Cash is king: why I'd rather grow slower than give up control
This is the fifth post in a series of five, excerpted from lessons in business by our founder, Peter Gradwell. They are taken from a YouTube interview he did in the "UK Business Forums" podcast series.
By 2006 or 2007, Gradwell had outgrown its infrastructure. We needed a proper cluster, not fourteen servers Sellotaped together, and the quote from HP came in at roughly $2 million. We didn't have $2 million. So off we went to NatWest Bank — my bank since I was 18 — to ask nicely for a loan.
The conversation was short. You're a fast-growth technology company with no balance sheet, we can't lend to you. Also — they didn't say this bit, but it was true — NatWest at the time was recovering from its own problems and had no money to lend. What you need, they said, is venture capital.
So we raised venture capital: a million pounds from Altitude Partners after about nine months of work, lawyers, due diligence, and thirty percent of the company handed over.
Then I went back to HP with my chequebook. HP said: put that away, Mr Gradwell. Our internal bank, HP Bank of Ireland, will lend you the two million dollars over five years at 1% interest on an asset-finance basis.
I said: why didn't you do that last week? They said: last week you weren't bankable. This week you have venture-capital backing. You're a good credit risk now.
"The more self-sustaining you can make your business, then as the entrepreneur, the more you're in control of it."
I ended that week two million dollars in asset-financed debt and having given away thirty percent of my company to raise a million pounds I didn't strictly need. The business hadn't changed between Monday and Friday. What had changed was the perception of the business — by the same banks and vendors who'd turned us away days earlier.
What I'd do differently
Two things, knowing what I know now:
- Exhaust bank and asset finance before equity. Debt is expensive in money but cheap in control. Equity is the opposite. The order matters: supplier credit, customer pre-payment, asset finance, bank debt, then equity. Most founders run the ladder in reverse.
- Charge customers up front where you can. Annual billing instead of monthly. Twelve-month terms with a discount. Deposits on complex installs. This is the cheapest working capital you'll ever raise and it comes without covenants or board seats.
The self-reinforcing loop
The most interesting pattern in the HP story isn't about HP. It's that once you have a credible cap table, credit opens up everywhere — supplier terms get longer, asset finance becomes available, leases get signed, even recruiters will take you on retained terms. The single event of raising equity unlocks a dozen non-equity financing options that you could, in principle, have used without raising equity at all.

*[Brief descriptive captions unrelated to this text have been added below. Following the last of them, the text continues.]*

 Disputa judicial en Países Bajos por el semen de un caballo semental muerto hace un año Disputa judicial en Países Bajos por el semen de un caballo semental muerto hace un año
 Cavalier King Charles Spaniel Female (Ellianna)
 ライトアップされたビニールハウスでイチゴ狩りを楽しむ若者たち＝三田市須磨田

Which means the equity round you needed in order to unlock those options was often a round you didn't actually need. You needed the perception of being backed; you didn't need the money.
Cash is king — and it doesn't matter how profitable the business looks on paper. As soon as cash runs out, the business is gone. The corollary is: the more you can run the business on its own cash, the longer you get to keep driving it. Equity accelerates growth. Debt accelerates growth. Customer pre-payment accelerates growth and keeps you in the driver's seat. Of the three, only one lets you make your own mistakes on your own timeline.

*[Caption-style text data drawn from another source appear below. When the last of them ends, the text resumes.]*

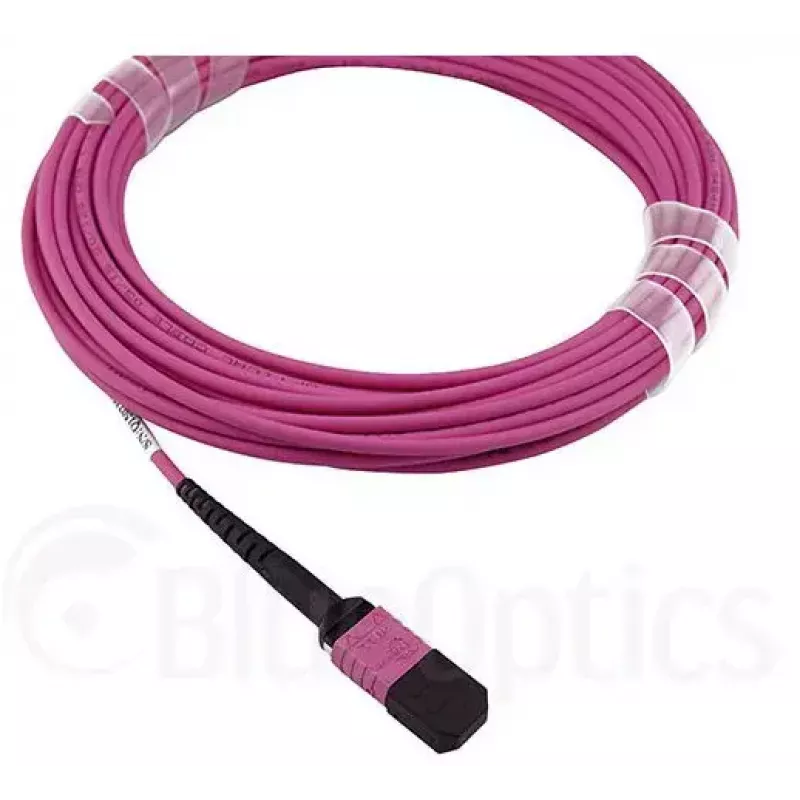 Fibre optic cable MPO BlueOptics CBL-MPO12-OM4-1M 1m OM4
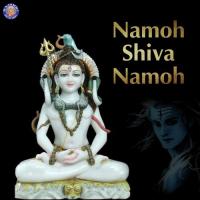 Namoh Shiva Namoh songs mp3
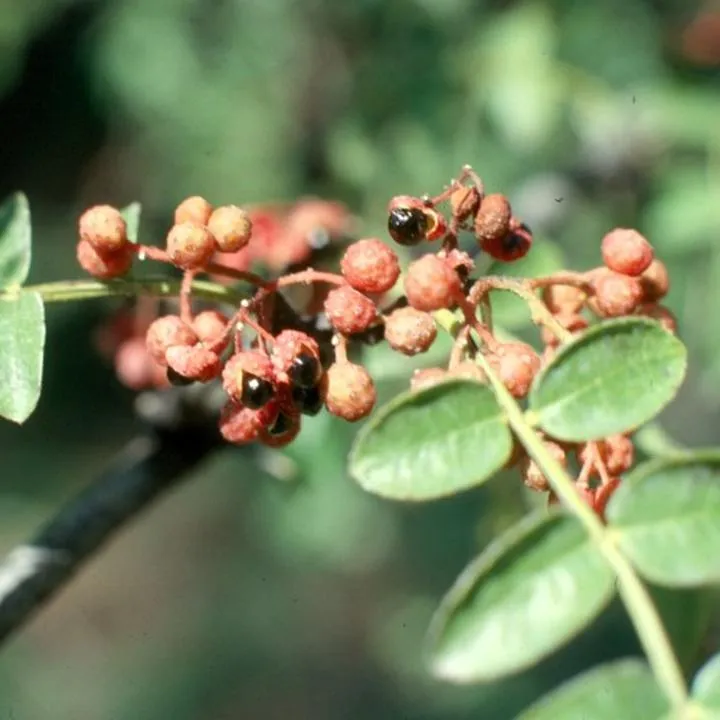 Zakup sadzonek pieprzu syczuańskiego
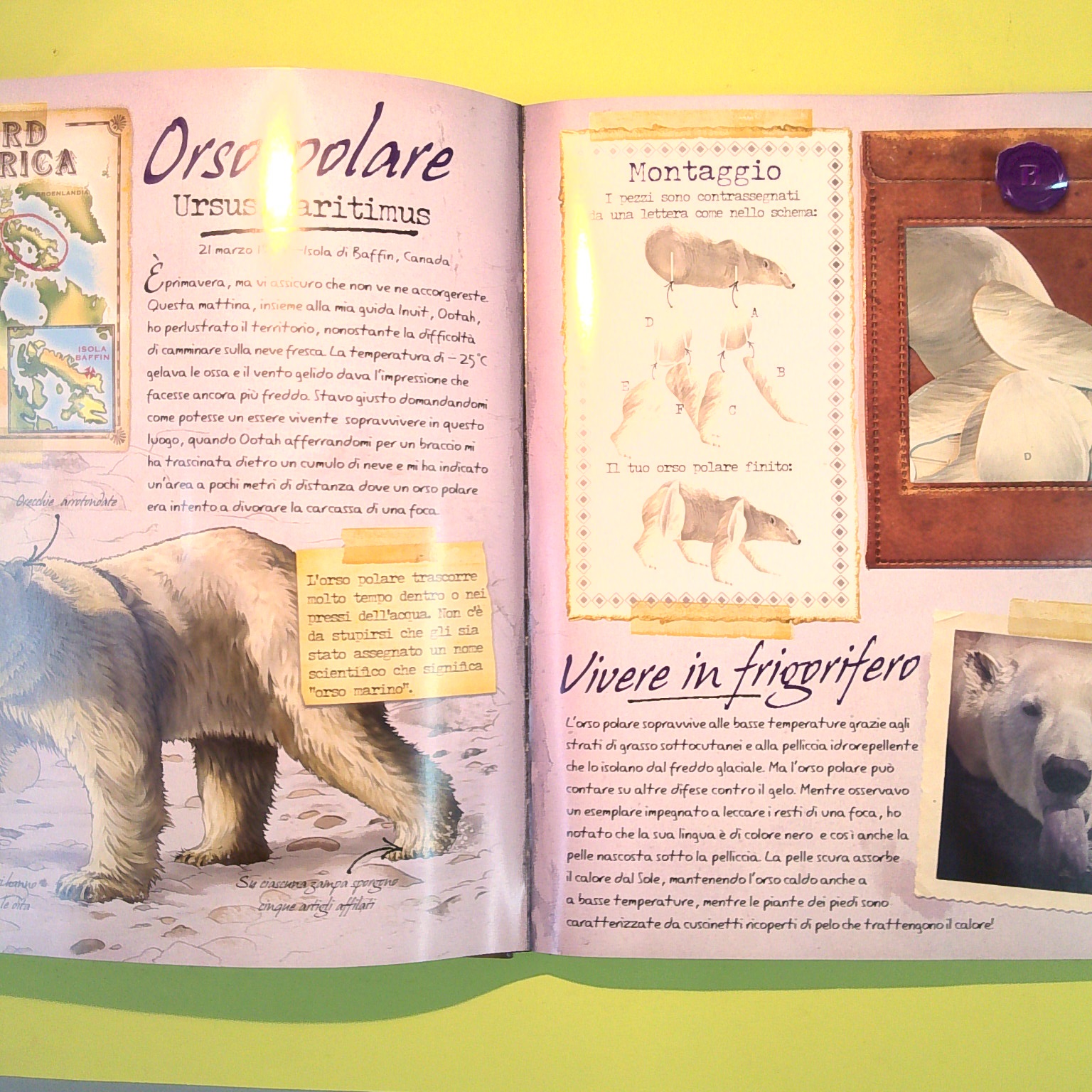 GLI ANIMALI DEI GHIACCI - immagine 4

That's what "control" really means. Not being a dictator. Just being able to decide, in a tough quarter, whether the right answer is to cut, to hold, or to double down — without three other people at the table whose incentives aren't quite your incentives.
Grow organically for as long as you possibly can. When you finally have to raise, raise on your own terms. And remember that the cheapest capital you'll ever deploy is the capital your customers send you, in advance, because they trust you to deliver.